Sunday, September 30, 2012
40 Year Itch: Those We Missed Sep '72
Posted on 2:00 AM by Unknown
[Purchase]
Joe Walsh leaves The James Gang and that band's hard rock sound behind for acoustic guitars, harmony vocals and even some experiments with an ARP Odyssey synthesizer on his first solo album Barnstorm. "Comin' Down" is the final track on the album. This one's a grower and the best of the bunch in today's post.
[Purchase]
"Dinah Flo" was the single on Boz Scaggs's fifth album My Time, recorded with the mighty Muscle Shoals backing band. Surprising that it would take four more years for Boz to make what seems to my ears a small leap from "Dinah Flo" to Silk Degrees.
[Purchase]
For their second album of 1972, Manfred Mann's Earth Band get heavier and more experimental than on their magnificent debut. Then they close the whole thing out with a Dylan cover that ranks among the best ever.

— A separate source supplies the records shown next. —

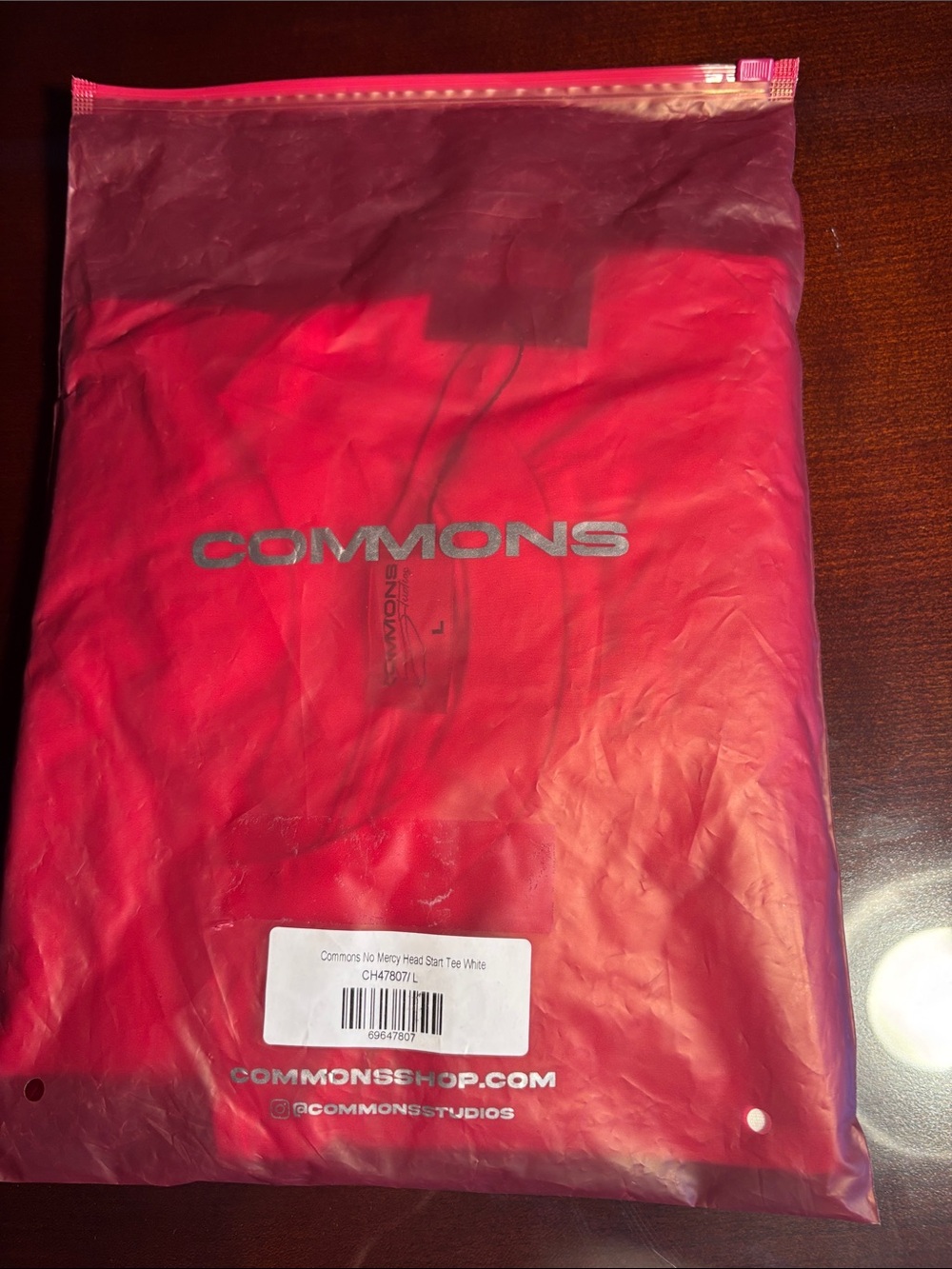 Commons Studios graphic tee t shirt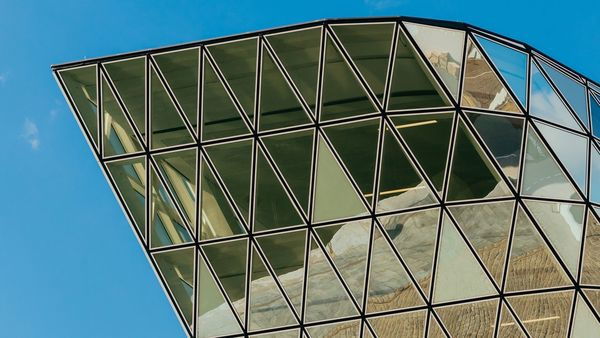Havenhuis detail van de architectuur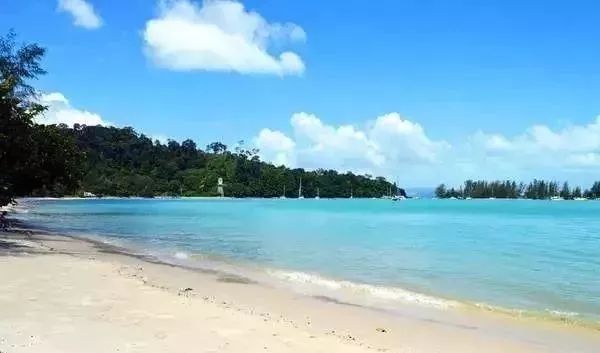 马来西亚吉隆坡和兰卡威哪个好玩,马来西亚云顶兰卡威值得去的景点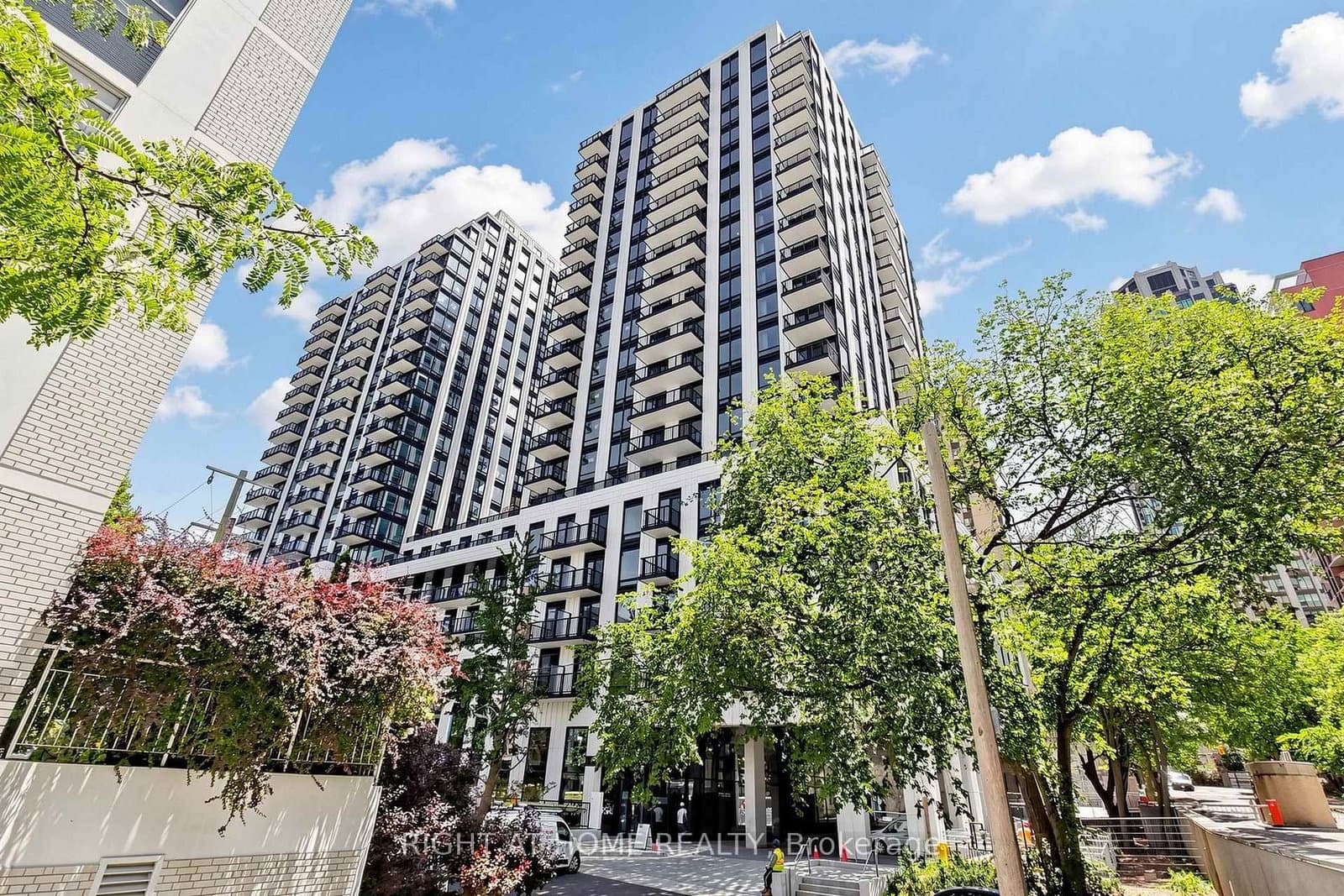 91 Montclair Avenue, Unit 832 - Image 1
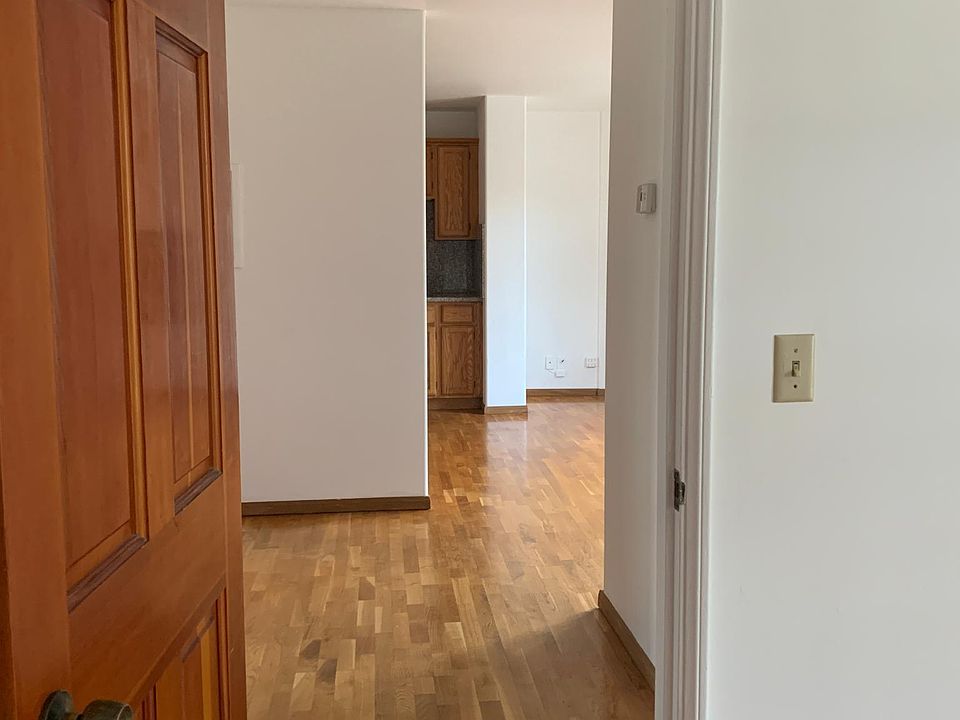 1st image of 810 Idaho Ave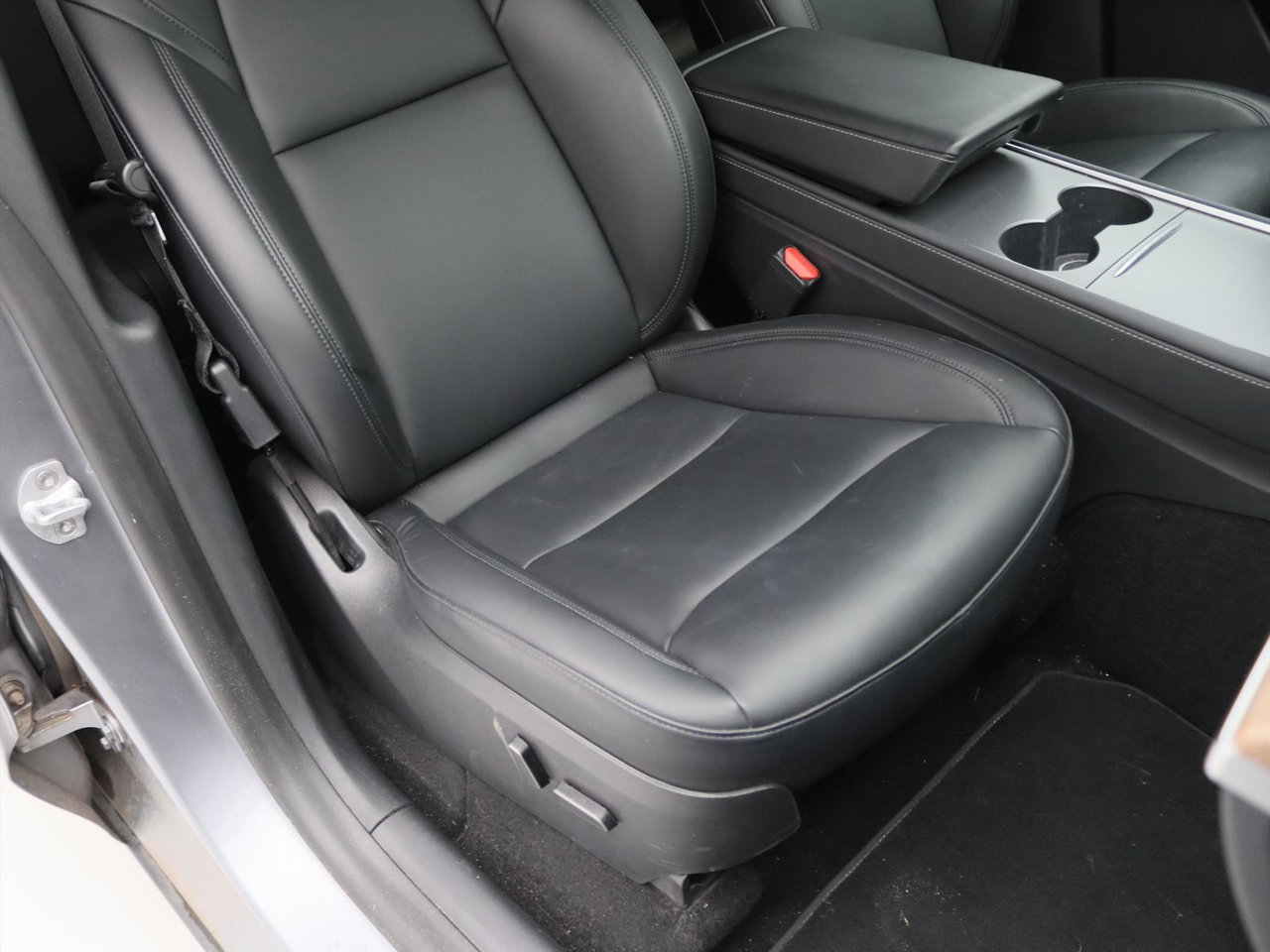 Tesla Model Y Performance 534pk AWD 91.5% SoH Quicksilver [ ENHANCED AUTOPILOT+21 INCH+WARMTEPOMP+RYZEN+PREMIUM AUDIO ] 22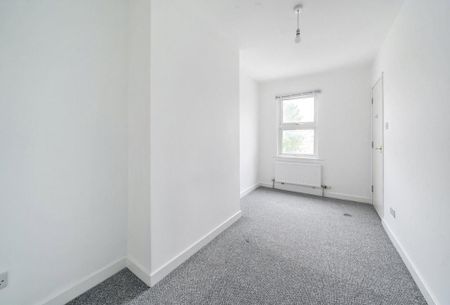 4 bedroom terraced house to rent - Photo 5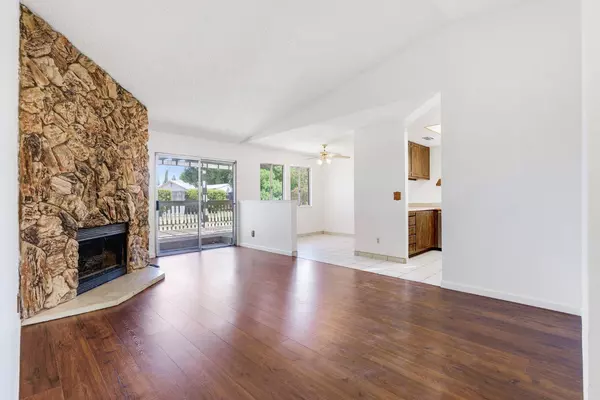 8467 Country Greens CT, Sacramento, CA 95828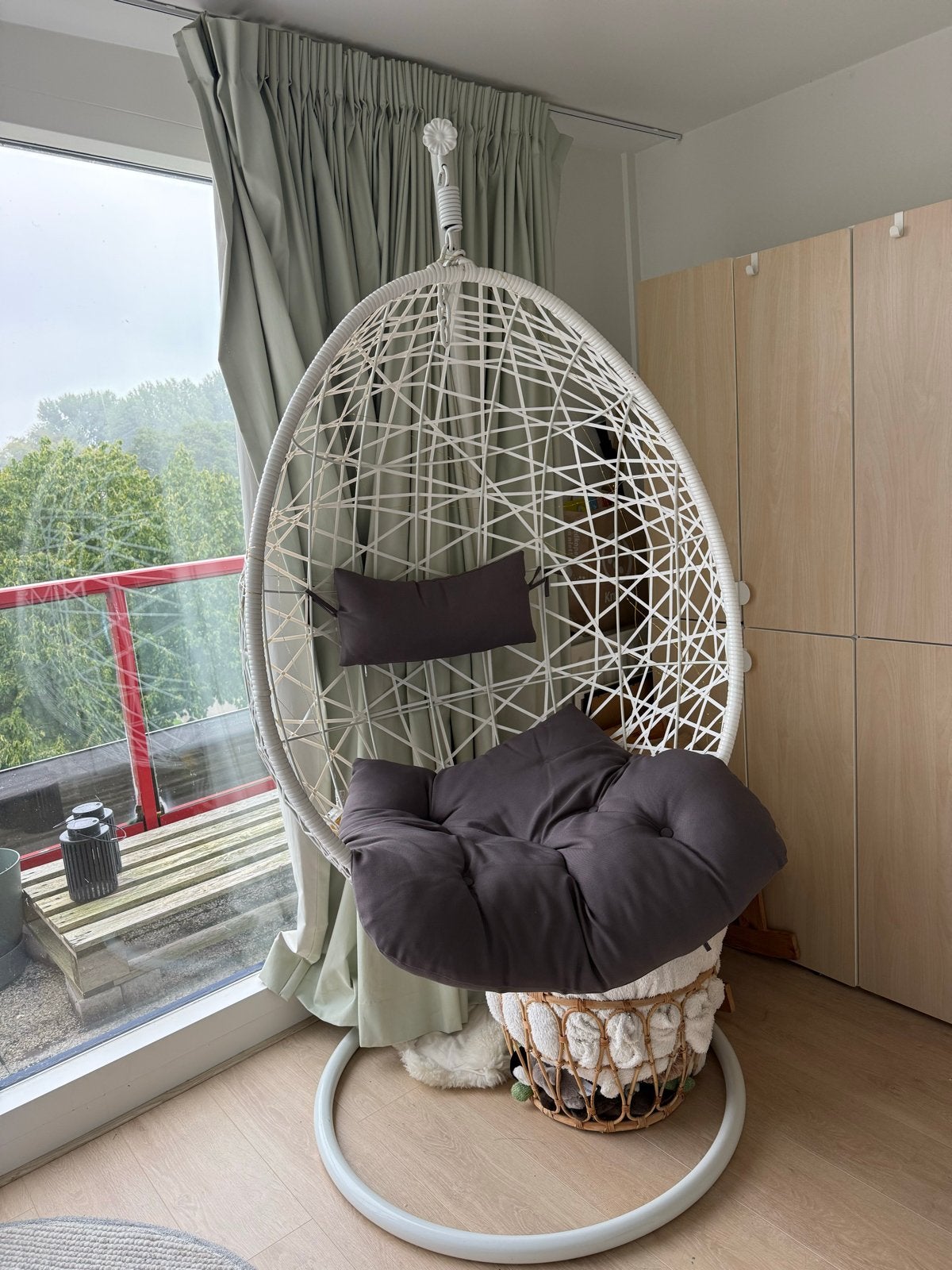 Witte hangstoel met standaard en kussens, Huis en Inrichting, Ophalen, Kunststof, Gebruikt, Wit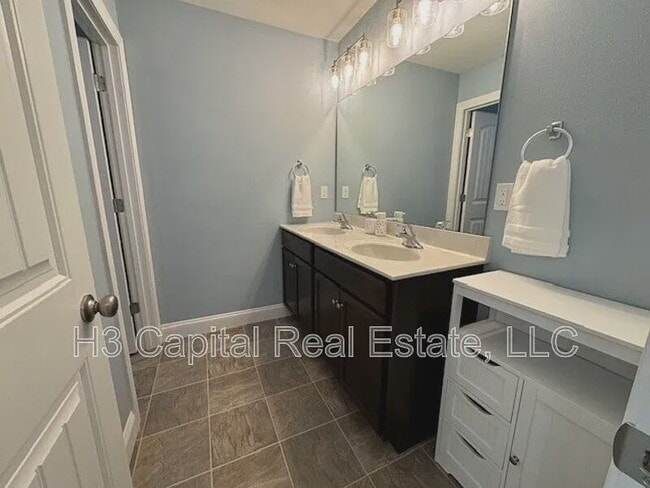 Building Photo - 1401 Miami Ct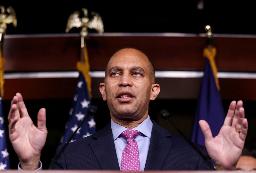 　１１月２日、米ワシントンで記者会見する民主党のジェフリーズ下院議員（ロイター＝共同）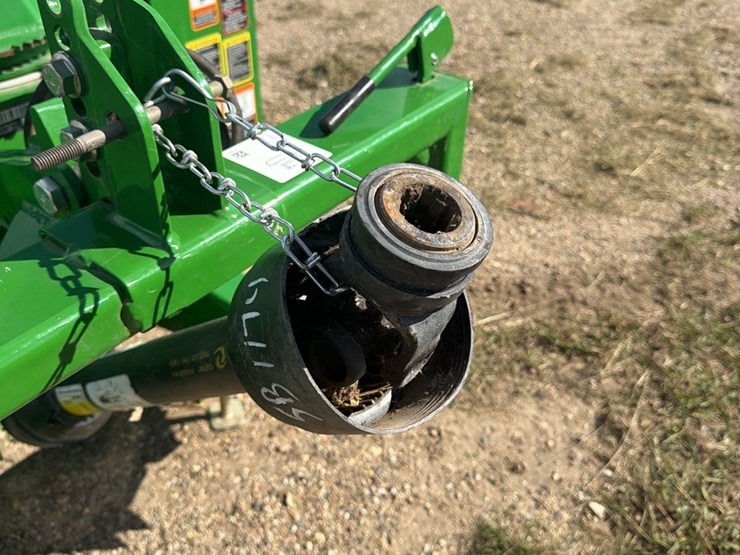 frontier-model-sb1174-like-absolutely-brand-new-3-point-snow-blower,-hydraulic-chute,-john-deere-jiffy-hitch,-none-nicer,-check-photos-image-36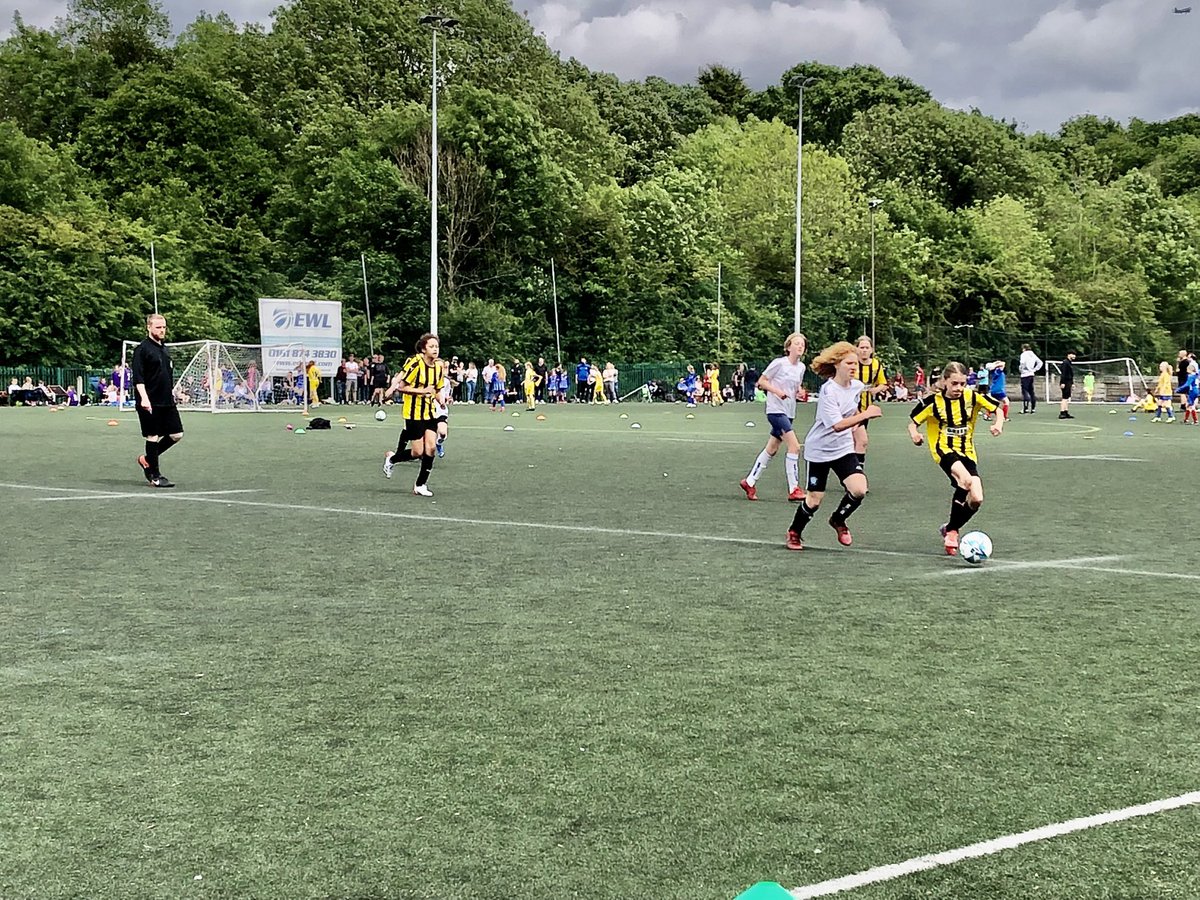 FCBluestarGirlsFooty tweet media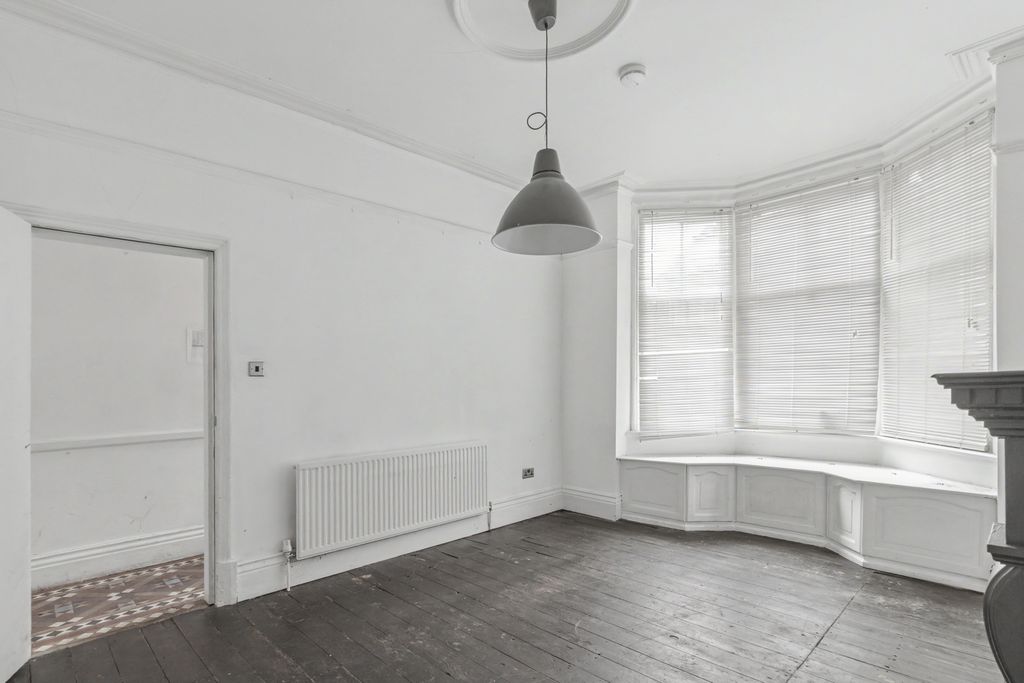 Property photo 2 of 19 40 Upperton Road, Leicester, Le3 0Hb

[Purchase a Styx Anthology]
Chicago based prog rockers showed off their classical training on their Wooden Nickel eponymous debut which featured a 13 minute suited called "Movement for the Common Man", the third section of which is Aaron Copeland's "Fanfare for the Common Man". Styx could also get heavy handed. Witness "After You Leave Me", the final cut on the album.These were probably not the best of times.
[Purchase]
Founders of World Music, the African and Caribbean expats who recorded as Osibisa in London may sound stale compared to the more authentic high life recordings we can all hear in this digital age. But they were the shit in the 1970's.